**DIRECTIONS**
Print out the full listing, exactly.

**DATASET EXCERPTS**
--- START ---

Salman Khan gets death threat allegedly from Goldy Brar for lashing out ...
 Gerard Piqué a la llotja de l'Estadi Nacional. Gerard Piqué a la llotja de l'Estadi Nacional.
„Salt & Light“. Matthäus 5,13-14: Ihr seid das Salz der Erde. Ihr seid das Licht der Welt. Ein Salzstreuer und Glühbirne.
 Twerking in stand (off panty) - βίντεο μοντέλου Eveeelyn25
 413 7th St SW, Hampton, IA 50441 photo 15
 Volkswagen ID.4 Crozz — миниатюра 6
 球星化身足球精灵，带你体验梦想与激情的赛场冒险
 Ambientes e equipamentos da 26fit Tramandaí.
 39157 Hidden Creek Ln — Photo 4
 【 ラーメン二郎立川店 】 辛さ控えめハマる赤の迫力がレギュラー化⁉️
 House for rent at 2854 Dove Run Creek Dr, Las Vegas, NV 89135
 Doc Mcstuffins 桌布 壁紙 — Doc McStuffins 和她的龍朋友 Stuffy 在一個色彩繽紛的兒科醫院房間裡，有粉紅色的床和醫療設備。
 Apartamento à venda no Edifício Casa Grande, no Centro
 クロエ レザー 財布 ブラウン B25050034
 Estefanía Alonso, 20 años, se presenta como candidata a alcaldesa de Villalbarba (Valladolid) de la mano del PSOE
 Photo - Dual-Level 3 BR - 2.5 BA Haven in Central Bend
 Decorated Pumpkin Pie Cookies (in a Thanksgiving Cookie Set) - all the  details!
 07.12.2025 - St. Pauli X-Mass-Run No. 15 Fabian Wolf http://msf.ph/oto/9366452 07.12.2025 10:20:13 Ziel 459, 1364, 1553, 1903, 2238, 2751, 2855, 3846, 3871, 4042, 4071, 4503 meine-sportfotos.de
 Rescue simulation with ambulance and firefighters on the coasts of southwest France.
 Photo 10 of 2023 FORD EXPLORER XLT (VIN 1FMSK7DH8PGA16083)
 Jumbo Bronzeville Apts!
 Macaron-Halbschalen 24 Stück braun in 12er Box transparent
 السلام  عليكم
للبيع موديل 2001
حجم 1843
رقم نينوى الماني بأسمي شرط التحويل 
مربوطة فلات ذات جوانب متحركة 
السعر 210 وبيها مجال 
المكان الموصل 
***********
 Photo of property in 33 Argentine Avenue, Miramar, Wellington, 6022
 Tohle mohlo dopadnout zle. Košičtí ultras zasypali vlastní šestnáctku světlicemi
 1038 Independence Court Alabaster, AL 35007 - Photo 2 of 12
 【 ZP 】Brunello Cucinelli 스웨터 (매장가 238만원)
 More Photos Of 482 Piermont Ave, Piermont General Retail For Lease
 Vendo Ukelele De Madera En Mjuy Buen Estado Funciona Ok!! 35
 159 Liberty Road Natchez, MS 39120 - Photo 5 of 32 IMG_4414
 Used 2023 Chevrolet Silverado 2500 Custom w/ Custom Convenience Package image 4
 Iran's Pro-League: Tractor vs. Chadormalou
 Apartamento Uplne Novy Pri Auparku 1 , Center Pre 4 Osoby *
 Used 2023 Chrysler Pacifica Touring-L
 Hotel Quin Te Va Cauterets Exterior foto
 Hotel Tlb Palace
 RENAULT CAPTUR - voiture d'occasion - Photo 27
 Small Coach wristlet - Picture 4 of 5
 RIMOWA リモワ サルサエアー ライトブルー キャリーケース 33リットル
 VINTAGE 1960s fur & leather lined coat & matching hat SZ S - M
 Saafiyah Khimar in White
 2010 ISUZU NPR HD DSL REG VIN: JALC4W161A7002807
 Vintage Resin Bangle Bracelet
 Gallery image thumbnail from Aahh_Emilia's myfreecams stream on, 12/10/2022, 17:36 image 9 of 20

--- END ---

**EXERCISE RESPONSE**
Salman Khan gets death threat allegedly from Goldy Brar for lashing out ...
 Gerard Piqué a la llotja de l'Estadi Nacional. Gerard Piqué a la llotja de l'Estadi Nacional.
„Salt & Light“. Matthäus 5,13-14: Ihr seid das Salz der Erde. Ihr seid das Licht der Welt. Ein Salzstreuer und Glühbirne.
 Twerking in stand (off panty) - βίντεο μοντέλου Eveeelyn25
 413 7th St SW, Hampton, IA 50441 photo 15
 Volkswagen ID.4 Crozz — миниатюра 6
 球星化身足球精灵，带你体验梦想与激情的赛场冒险
 Ambientes e equipamentos da 26fit Tramandaí.
 39157 Hidden Creek Ln — Photo 4
 【 ラーメン二郎立川店 】 辛さ控えめハマる赤の迫力がレギュラー化⁉️
 House for rent at 2854 Dove Run Creek Dr, Las Vegas, NV 89135
 Doc Mcstuffins 桌布 壁紙 — Doc McStuffins 和她的龍朋友 Stuffy 在一個色彩繽紛的兒科醫院房間裡，有粉紅色的床和醫療設備。
 Apartamento à venda no Edifício Casa Grande, no Centro
 クロエ レザー 財布 ブラウン B25050034
 Estefanía Alonso, 20 años, se presenta como candidata a alcaldesa de Villalbarba (Valladolid) de la mano del PSOE
 Photo - Dual-Level 3 BR - 2.5 BA Haven in Central Bend
 Decorated Pumpkin Pie Cookies (in a Thanksgiving Cookie Set) - all the  details!
 07.12.2025 - St. Pauli X-Mass-Run No. 15 Fabian Wolf http://msf.ph/oto/9366452 07.12.2025 10:20:13 Ziel 459, 1364, 1553, 1903, 2238, 2751, 2855, 3846, 3871, 4042, 4071, 4503 meine-sportfotos.de
 Rescue simulation with ambulance and firefighters on the coasts of southwest France.
 Photo 10 of 2023 FORD EXPLORER XLT (VIN 1FMSK7DH8PGA16083)
 Jumbo Bronzeville Apts!
 Macaron-Halbschalen 24 Stück braun in 12er Box transparent
 السلام  عليكم
للبيع موديل 2001
حجم 1843
رقم نينوى الماني بأسمي شرط التحويل 
مربوطة فلات ذات جوانب متحركة 
السعر 210 وبيها مجال 
المكان الموصل 
***********
 Photo of property in 33 Argentine Avenue, Miramar, Wellington, 6022
 Tohle mohlo dopadnout zle. Košičtí ultras zasypali vlastní šestnáctku světlicemi
 1038 Independence Court Alabaster, AL 35007 - Photo 2 of 12
 【 ZP 】Brunello Cucinelli 스웨터 (매장가 238만원)
 More Photos Of 482 Piermont Ave, Piermont General Retail For Lease
 Vendo Ukelele De Madera En Mjuy Buen Estado Funciona Ok!! 35
 159 Liberty Road Natchez, MS 39120 - Photo 5 of 32 IMG_4414
 Used 2023 Chevrolet Silverado 2500 Custom w/ Custom Convenience Package image 4
 Iran's Pro-League: Tractor vs. Chadormalou
 Apartamento Uplne Novy Pri Auparku 1 , Center Pre 4 Osoby *
 Used 2023 Chrysler Pacifica Touring-L
 Hotel Quin Te Va Cauterets Exterior foto
 Hotel Tlb Palace
 RENAULT CAPTUR - voiture d'occasion - Photo 27
 Small Coach wristlet - Picture 4 of 5
 RIMOWA リモワ サルサエアー ライトブルー キャリーケース 33リットル
 VINTAGE 1960s fur & leather lined coat & matching hat SZ S - M
 Saafiyah Khimar in White
 2010 ISUZU NPR HD DSL REG VIN: JALC4W161A7002807
 Vintage Resin Bangle Bracelet
 Gallery image thumbnail from Aahh_Emilia's myfreecams stream on, 12/10/2022, 17:36 image 9 of 20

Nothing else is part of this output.